> Entries provided
========

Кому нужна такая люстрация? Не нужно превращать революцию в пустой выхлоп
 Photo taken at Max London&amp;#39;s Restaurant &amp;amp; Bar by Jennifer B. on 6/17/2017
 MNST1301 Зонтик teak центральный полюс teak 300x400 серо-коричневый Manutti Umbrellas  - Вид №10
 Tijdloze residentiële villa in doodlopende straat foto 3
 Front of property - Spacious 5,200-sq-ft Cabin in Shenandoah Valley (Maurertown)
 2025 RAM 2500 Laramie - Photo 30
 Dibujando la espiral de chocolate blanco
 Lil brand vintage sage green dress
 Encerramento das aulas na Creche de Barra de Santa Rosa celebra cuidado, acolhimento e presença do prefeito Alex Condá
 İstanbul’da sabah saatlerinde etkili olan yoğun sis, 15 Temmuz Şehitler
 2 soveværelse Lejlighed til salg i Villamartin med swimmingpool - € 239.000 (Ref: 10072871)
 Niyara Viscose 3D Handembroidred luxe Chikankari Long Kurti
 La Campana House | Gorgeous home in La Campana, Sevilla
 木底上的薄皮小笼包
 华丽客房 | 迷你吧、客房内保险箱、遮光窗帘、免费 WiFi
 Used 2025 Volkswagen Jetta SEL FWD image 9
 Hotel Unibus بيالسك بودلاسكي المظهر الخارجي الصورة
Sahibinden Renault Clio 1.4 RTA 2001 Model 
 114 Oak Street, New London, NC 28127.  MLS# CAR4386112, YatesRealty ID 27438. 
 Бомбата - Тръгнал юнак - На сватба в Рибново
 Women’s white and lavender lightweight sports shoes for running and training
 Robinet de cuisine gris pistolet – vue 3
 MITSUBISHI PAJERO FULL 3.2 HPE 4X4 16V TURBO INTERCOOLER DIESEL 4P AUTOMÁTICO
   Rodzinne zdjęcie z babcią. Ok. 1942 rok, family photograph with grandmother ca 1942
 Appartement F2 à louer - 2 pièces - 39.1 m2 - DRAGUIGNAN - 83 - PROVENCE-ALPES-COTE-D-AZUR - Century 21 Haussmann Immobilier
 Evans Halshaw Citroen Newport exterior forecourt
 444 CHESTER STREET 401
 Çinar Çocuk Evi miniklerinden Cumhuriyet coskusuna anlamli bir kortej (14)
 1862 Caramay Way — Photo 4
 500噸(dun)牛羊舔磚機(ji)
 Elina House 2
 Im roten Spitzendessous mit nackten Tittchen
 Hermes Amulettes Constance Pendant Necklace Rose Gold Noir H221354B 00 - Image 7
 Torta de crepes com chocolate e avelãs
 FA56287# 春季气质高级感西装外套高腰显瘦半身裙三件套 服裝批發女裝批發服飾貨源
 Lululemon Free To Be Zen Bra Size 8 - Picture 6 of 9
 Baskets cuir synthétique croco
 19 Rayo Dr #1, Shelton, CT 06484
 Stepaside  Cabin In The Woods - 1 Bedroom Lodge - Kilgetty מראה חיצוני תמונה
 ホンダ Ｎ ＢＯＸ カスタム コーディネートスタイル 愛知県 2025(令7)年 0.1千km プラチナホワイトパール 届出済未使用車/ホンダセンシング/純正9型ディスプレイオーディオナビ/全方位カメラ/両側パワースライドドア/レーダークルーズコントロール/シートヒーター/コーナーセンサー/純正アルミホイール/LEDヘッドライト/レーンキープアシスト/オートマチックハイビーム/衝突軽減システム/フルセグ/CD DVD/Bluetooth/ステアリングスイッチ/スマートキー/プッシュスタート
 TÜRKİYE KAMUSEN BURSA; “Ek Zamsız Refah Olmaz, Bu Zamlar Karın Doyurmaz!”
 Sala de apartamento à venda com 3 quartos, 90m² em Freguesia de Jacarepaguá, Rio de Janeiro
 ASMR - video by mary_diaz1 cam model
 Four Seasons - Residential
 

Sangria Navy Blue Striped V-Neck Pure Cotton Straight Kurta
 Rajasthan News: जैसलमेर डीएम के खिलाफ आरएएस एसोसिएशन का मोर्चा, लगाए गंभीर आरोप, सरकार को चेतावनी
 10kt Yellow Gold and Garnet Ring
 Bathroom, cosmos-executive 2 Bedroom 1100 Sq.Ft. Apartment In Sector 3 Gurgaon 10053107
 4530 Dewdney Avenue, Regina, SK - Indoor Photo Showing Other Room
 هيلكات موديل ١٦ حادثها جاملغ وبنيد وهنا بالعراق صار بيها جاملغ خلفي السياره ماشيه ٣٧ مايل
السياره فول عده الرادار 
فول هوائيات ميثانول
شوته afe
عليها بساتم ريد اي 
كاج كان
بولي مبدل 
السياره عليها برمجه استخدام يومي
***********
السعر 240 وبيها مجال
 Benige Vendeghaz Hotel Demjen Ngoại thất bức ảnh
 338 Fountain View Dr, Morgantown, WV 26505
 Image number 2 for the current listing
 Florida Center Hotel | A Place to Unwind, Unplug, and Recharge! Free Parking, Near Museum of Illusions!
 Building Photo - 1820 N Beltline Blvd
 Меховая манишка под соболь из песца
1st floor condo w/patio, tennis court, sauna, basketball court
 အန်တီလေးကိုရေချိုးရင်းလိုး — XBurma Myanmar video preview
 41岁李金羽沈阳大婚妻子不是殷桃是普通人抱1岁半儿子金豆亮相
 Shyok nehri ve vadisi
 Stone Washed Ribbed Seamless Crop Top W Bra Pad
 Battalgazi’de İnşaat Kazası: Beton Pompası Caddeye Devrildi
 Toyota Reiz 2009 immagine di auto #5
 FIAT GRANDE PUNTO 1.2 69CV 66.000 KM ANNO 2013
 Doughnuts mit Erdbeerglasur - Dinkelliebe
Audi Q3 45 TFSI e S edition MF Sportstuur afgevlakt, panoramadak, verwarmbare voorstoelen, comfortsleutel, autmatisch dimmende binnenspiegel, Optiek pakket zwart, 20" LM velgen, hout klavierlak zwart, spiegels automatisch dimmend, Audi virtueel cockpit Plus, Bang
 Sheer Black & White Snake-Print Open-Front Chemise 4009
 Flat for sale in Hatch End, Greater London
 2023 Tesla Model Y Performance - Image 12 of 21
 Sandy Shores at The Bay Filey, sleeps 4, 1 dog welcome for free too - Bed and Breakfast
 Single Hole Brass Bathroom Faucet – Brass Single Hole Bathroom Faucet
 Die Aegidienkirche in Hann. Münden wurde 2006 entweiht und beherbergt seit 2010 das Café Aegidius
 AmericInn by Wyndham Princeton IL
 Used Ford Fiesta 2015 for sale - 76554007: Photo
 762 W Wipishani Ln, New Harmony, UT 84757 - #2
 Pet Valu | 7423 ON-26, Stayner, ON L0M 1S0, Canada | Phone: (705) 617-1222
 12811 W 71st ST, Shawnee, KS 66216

========

> Work request
Only output the lines from the one with "41岁李金羽沈阳大婚妻子不是殷桃是普通人抱1岁半儿子金豆亮相" through the end of the entries above, exactly as they are.

> Expected answer
 41岁李金羽沈阳大婚妻子不是殷桃是普通人抱1岁半儿子金豆亮相
 Shyok nehri ve vadisi
 Stone Washed Ribbed Seamless Crop Top W Bra Pad
 Battalgazi’de İnşaat Kazası: Beton Pompası Caddeye Devrildi
 Toyota Reiz 2009 immagine di auto #5
 FIAT GRANDE PUNTO 1.2 69CV 66.000 KM ANNO 2013
 Doughnuts mit Erdbeerglasur - Dinkelliebe
Audi Q3 45 TFSI e S edition MF Sportstuur afgevlakt, panoramadak, verwarmbare voorstoelen, comfortsleutel, autmatisch dimmende binnenspiegel, Optiek pakket zwart, 20" LM velgen, hout klavierlak zwart, spiegels automatisch dimmend, Audi virtueel cockpit Plus, Bang
 Sheer Black & White Snake-Print Open-Front Chemise 4009
 Flat for sale in Hatch End, Greater London
 2023 Tesla Model Y Performance - Image 12 of 21
 Sandy Shores at The Bay Filey, sleeps 4, 1 dog welcome for free too - Bed and Breakfast
 Single Hole Brass Bathroom Faucet – Brass Single Hole Bathroom Faucet
 Die Aegidienkirche in Hann. Münden wurde 2006 entweiht und beherbergt seit 2010 das Café Aegidius
 AmericInn by Wyndham Princeton IL
 Used Ford Fiesta 2015 for sale - 76554007: Photo
 762 W Wipishani Ln, New Harmony, UT 84757 - #2
 Pet Valu | 7423 ON-26, Stayner, ON L0M 1S0, Canada | Phone: (705) 617-1222
 12811 W 71st ST, Shawnee, KS 66216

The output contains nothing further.